I keep most of my work in one large git repository (named “phd”) which I push to to my bitbucket account (they offer free private repositories and have an awesome academic license!). If you are still using subversion or do not use any revision control system then go and read up on git immediately! My phd repository has roughly the following layout:

courses/
it/
publications.bib
readings/
research/
reviews/
software/
supervision/
teaching/
thesis/
writings/

courses stores all the course material of lectures I attended as a student during my studies. it contains smaller code snippets or documentation on how to use some obscure university services or some data backup scripts. publications.bib contains my own publications in one single BibTeX file. readings stores all my 1000+ PDFs of articles I read at one point. research is where all the files directly related to my research go into. When I start working on something new, which is not too related to a previous project I just create a new subfolder in there, something like svm_on_steroids. Ideally you would start a separate git repository for each new project. But when you are initially prototyping some ideas I found it convenient to just keep files in the same git repository. If you share code or write-ups with your colleagues in some other SVN or git repository, I just check out the repository to the research folder and put its name into a .gitignore so that git does not bother about this folder. reviews is ordered by years as a top folder and conference/journal name as a subfolder.
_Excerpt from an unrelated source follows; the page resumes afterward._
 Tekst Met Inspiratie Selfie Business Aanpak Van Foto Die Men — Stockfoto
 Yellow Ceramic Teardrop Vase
I put all the material related to reviewing in there (papers, supplement, review). software holds scientific software, third-party or my own, that I use in more than one research project. supervision stores information related to projects of master students. This might include the project description, but also the code and the report they hand in. teaching contains subfolders (which are usually external SVN repositories) storing material related to classes that I’m co-teaching. I always prefix the name/acronym of the lecture by the year, such that things are in order. thesis is self-explanatory and writings contains talks, grant proposals/reports or writeups not related to any of the larger projects in the research folder.

Archive #

In the research and teaching I have a special folder called archive. When I think I’m done with a project/course, I move the folder to the archive folder and prefix the folder name with the year of completion. In case these subfolders are external git or SVN repositories, I still tend to move everything into the phd git repository (say by doing an svn export) in order to prevent any data loss in the future.
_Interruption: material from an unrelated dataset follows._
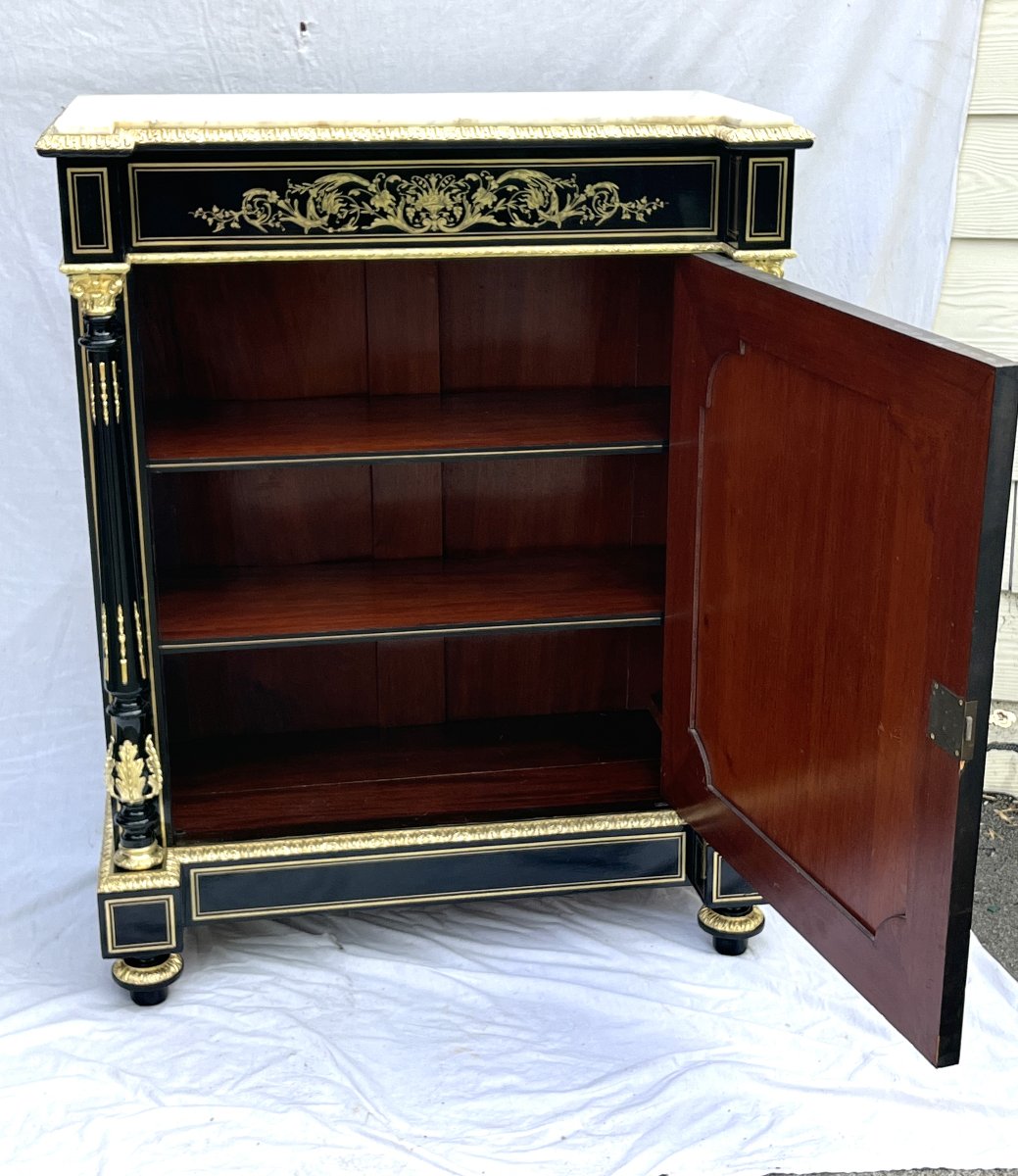 Large Napoleon III-style Sideboard With Columns And Boulle Marquetry-photo-3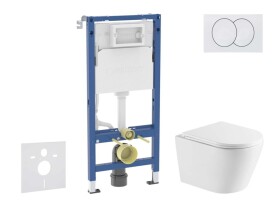 GEBERIT - Duofix Set předstěnové instalace, klozetu Nefia a sedátka softclose, tlačítko Delta, bílá SANI11CA31113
Project Folder Organization #

All my project folders have at least the following three subfolders: doc, experiments and src. Organizing experiments and code for research is a topic on its own, and recently there was a good discussion of the topic by Ali Eslami and John Langford. For the documents in the doc folder I again tend to prefix the conference/journal name by the year.

Flaws #

The readings folder is steadily increasing in size and its size is currently at around 2GB. Also, there is no clear advantage of having a revision history of these files, as they never change. Git is fairly fast and so this does not slow things down too much.

The archiving policy described above should probably also be improved. Git web-hosters, such as github and bitbucket are probably a good way to go about it: If the project is not already one of your private repositories, just create a new repository and import all the content from the external source (or alternatively fork it). One advantage of moving content to a dedicated archive folder is availability on the go.